- _About this exercise_
Only the lines below starting at the one that contains "अरूना के घर" and ending at the one that contains "Reparto en comedores" are to be reproduced, exactly and with both ends kept.

Records provided below:

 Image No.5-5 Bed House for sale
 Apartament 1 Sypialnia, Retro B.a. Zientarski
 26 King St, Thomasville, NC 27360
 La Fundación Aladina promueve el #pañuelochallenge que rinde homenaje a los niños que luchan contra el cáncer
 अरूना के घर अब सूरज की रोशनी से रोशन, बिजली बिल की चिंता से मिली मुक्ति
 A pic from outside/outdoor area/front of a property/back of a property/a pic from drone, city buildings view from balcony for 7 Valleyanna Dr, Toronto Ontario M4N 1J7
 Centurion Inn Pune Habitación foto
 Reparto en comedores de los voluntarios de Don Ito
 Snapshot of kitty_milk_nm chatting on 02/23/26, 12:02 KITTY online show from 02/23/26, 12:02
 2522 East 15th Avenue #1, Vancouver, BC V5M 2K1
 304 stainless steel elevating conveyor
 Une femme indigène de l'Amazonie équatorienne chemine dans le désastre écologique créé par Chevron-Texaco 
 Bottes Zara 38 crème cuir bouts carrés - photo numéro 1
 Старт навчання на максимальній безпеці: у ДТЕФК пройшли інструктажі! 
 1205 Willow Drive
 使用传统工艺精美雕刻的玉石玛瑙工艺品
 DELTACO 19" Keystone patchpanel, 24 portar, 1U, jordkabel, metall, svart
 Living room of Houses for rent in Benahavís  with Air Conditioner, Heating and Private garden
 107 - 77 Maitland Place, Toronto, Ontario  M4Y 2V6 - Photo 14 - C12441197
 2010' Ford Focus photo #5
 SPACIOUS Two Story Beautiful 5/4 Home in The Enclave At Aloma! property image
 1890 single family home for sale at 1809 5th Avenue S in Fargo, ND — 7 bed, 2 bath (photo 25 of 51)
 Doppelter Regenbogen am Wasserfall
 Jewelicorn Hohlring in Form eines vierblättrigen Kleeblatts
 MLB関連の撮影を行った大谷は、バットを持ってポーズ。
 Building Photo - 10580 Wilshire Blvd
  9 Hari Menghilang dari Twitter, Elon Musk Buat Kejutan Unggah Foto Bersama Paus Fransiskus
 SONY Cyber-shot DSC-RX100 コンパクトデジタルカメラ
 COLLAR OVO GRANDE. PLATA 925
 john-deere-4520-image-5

End of Records provided.

- _Task result_
 अरूना के घर अब सूरज की रोशनी से रोशन, बिजली बिल की चिंता से मिली मुक्ति
 A pic from outside/outdoor area/front of a property/back of a property/a pic from drone, city buildings view from balcony for 7 Valleyanna Dr, Toronto Ontario M4N 1J7
 Centurion Inn Pune Habitación foto
 Reparto en comedores de los voluntarios de Don Ito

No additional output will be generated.